Rising carbon dioxide affects ear structure of fish
Listen up! Carbon dioxide being absorbed by the oceans is having a puzzling effect on fish -- their ears get bigger.
The ear structure in fish, known as an otolith, is made up of minerals. Scientists knew that increasing carbon dioxide in the oceans -- absorbed from the atmosphere -- is making the sea more acidic, which can dissolve and weaken shells. They wondered if it also would reduce the size of the otoliths.
It turned out to be just the opposite, according to a study published Friday in the journal Science.
Biological oceanographer David M. Checkley of the Scripps Institution of Oceanography at UC San Diego and colleagues incubated the eggs of white sea bass in seawater and measured the otoliths when the fish were 7 to 8 days old.

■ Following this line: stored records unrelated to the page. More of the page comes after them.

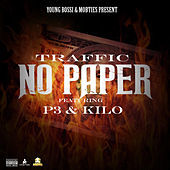 Thumbnail for the Traffic - No Paper link, provided by host site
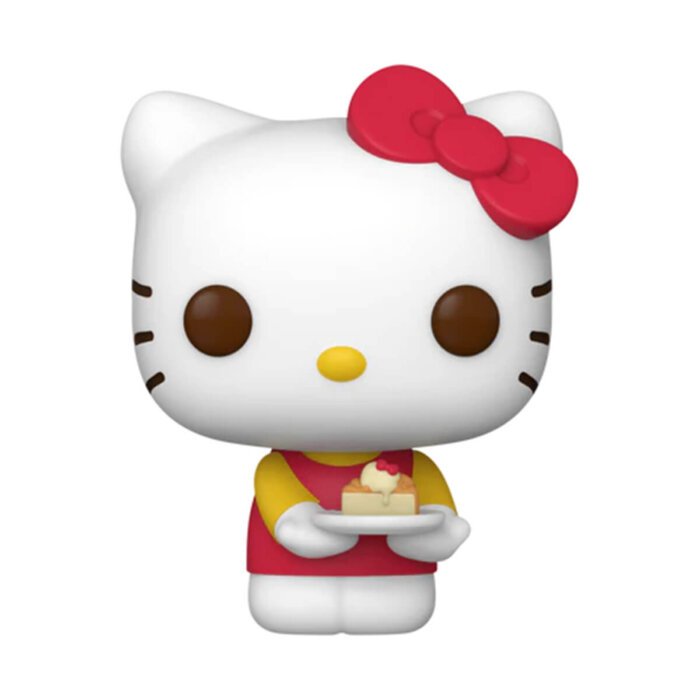 Funko Pop Hello Kitty con Dolce Sanrio N° 89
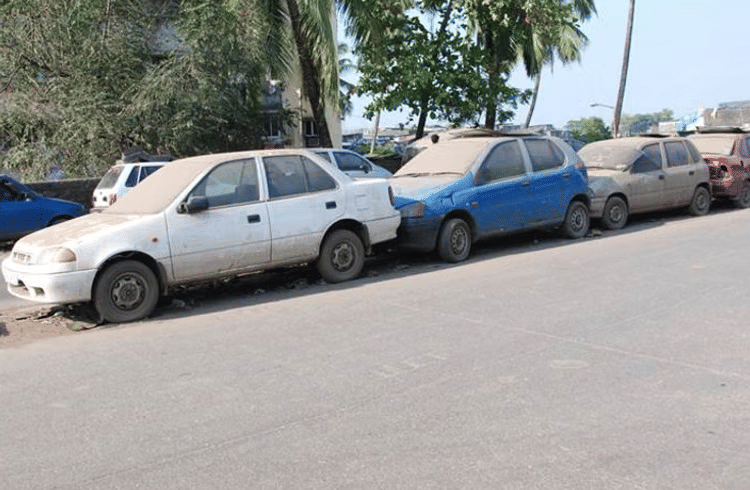 Delhi to Impound and Scrap End-of-Life Vehicles Without Prior Notice Delhi to Impound and Scrap End-of-Life Vehicles Without Prior Notice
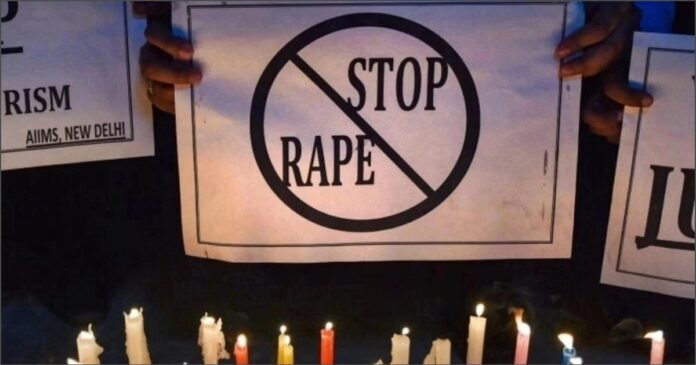 ಅತ್ಯಾಚಾರ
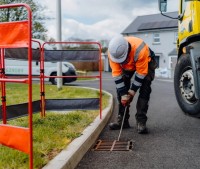 Drainage Chartham - Blocked Drains  image 1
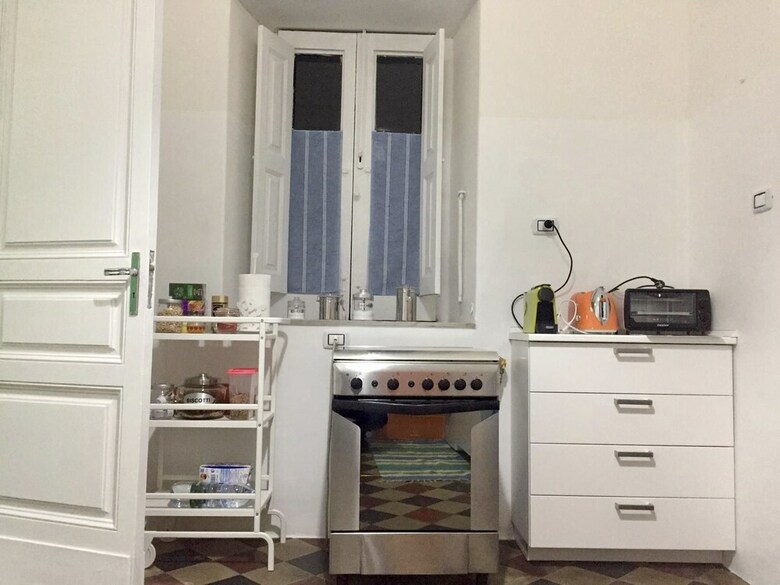Bed & Breakfast Casa Titina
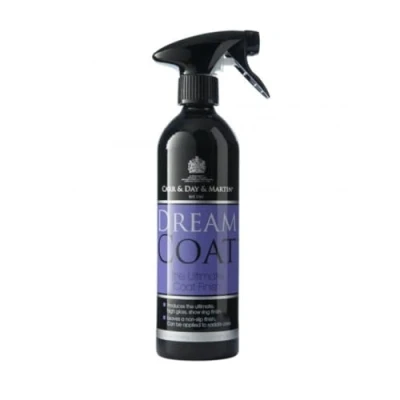 Image of Carr Day and Martin Dreamcoat 500ml Coat Care Clear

In the first test, the water had more than six times the usual amount of carbon dioxide, and the little fish grew otoliths 15% to 17% larger than normal. The surprised researchers repeated the experiment and got the same results.
So they reduced the carbon dioxide to about 3.5 times the current level -- a concentration that could occur by the year 2100 at the rate CO2 is being added to the atmosphere and then the sea. Those fish had ear bones 7% to 9% larger than fish raised in seawater with current gas concentrations.
As in humans, fish ears perform a major role in sensing movement and whether the animal is upright -- abilities that are important for survival.
“If fish can do just fine or better with larger otoliths, then there’s no great concern,” Checkley said. “But fish have evolved to have their bodies the way they are. The assumption is that if you tweak them in a certain way it’s going to change the dynamics of how the otolith helps the fish stay upright, navigate and survive.”
Researchers now will try and figure out how the added carbon dioxide in the water causes the ear bones to enlarge, whether this is happening to other types of fish, and whether the long-term effect will be good or bad, he said.